Experiments with Big Weather Data in MarkLogic - The Naive Approach

🔗 2012-04-11

Experiments with Big Weather Data in MarkLogic - The Naive Approach

I’ve heard over-and-over that MarkLogic is a fantastic XML database–you just import your documents and query away! Given the quality of the people that I personally know at MarkLogic, I’m sure that’s true. Still, I wanted to put that to the test. Every database system has techniques for getting reasonable or “blindingly fast” performance and I wanted to see how that works and at what cost.

The process that receives the APRS weather reports from the CWOP produces data in five minute segments stored in separate documents and from each of the three APRS-IS servers. Each document produced is between 130K and 430K in size and contains between 450 to 1600 weather reports. Each hour, 36 of those documents are produced. On average, about 17MB per hour, or 12GB per month, of data is produced.

The documents produced have the following structure:

<aprs xmlns="http://weather.milowski.com/V/APRS/" source="cwop.tssg.org" start="2012-04-11T16:03:29Z">
<report from="CW1367" type="weather" latitude="40.7" longitude="-74.2" 
received="2012-04-11T16:03:29Z" at="2012-04-13T17:12:00Z"
wind-dir="340" wind-speed="9" wind-gust="14"
temperature="53" rain-hour="0" rain-midnight="0" humidity="40" pressure="10090" />
...
</aprs>

The naive approach is to just import these documents verbatim into one large collection and setup a few basic indices:

a xs:string index on s:report/@from ,
a xs:dateTime index on s:report/@received ,
a geospatial index on the attribute pair s:report/@longitude and s:report/@latitude.

My tool of choice for importing these documents is XProc . The pipeline is rather simple:

<p:declare-step xmlns:p="http://www.w3.org/ns/xproc"
                xmlns:c="http://www.w3.org/ns/xproc-step"
                xmlns:ml="http://xmlcalabash.com/ns/extensions/marklogic"
                xmlns:s="http://weather.milowski.com/V/APRS/"
                version="1.0"
                name="insert-weather">
<p:option name='xdb.user'/>
<p:option name='xdb.password'/>
<p:option name='xdb.host'/>
<p:option name='xdb.port'/>
<p:input port="source"/>

<p:import href="http://xmlcalabash.com/extension/steps/library-1.0.xpl"/>

<p:delete match="/s:aprs/s:report[@type='encoded']"/>

<p:delete match="/s:aprs/s:report[@error]"/>

<ml:insert-document name="insert" collections="http://weather.milowski.com/weather/">

   <p:with-option name='user' select='$xdb.user'/>
   <p:with-option name='password' select='$xdb.password'/>
   <p:with-option name='host' select='$xdb.host'/>
   <p:with-option name='port' select='$xdb.port'/>
   <p:with-option name="uri" 
                  select="concat('http://weather.milowski.com/',/s:report/@source,'-',/s:report/@start,'.xml')"/>

</ml:insert-document>

</p:declare-step>

You’ll notice that I decided to remove errors and encoded data from the original source. Errors are reports I couldn’t parse according the APRS rules and encoded data are non-standard encodings of weather data. These turn out to be very small percentages of the actual received data. That is, almost everyone is producing data correctly by the standardize set of rules.

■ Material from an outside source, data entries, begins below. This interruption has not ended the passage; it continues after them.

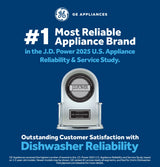 GE GDF450PGZWW dishwasher angled view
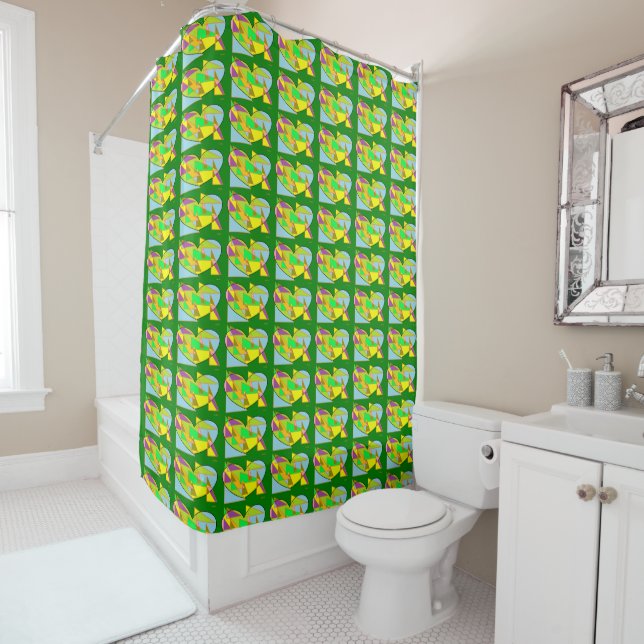 Para Box Corações design na cortina verde chá de fundo (In Situ)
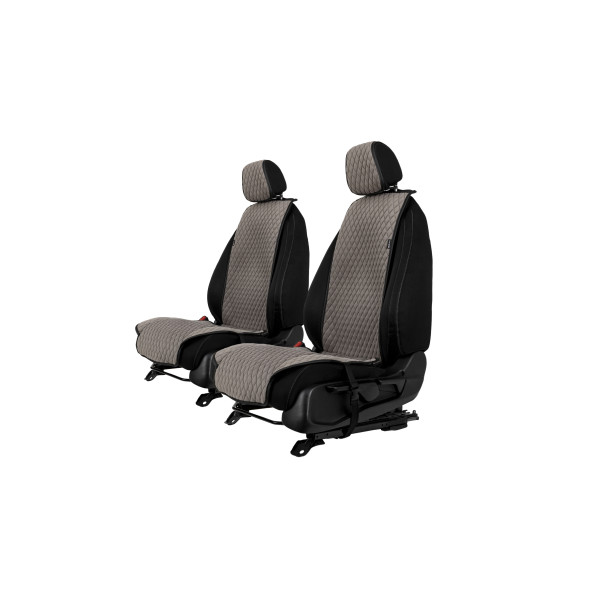 EVAtech Standard Seat Covers, 2 pcs - grey / black edges / gray stitches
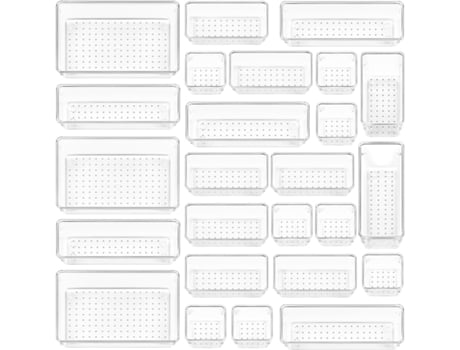 Conjunto 25 Organizadores De Gavetas Em Plástico Transparente 4 Tamanhos, Para Casa De Banho, Maquilhagem, Cozinha, Escritório. Igvtrade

To apply that pipeline over and over again to the documents, I wrote a little daemon process that uses Calabash’s API to run the pipeline. The daemon waits for the files to show up in a particular directory, applies the pipeline to documents it discovers, and then moves them to an archive directory. That allows me to re-process them in the future if I change my mind–which I did.

A bit of foreshadowing never hurts. I’ll post more on the results of this later. I’ve got some queries to write.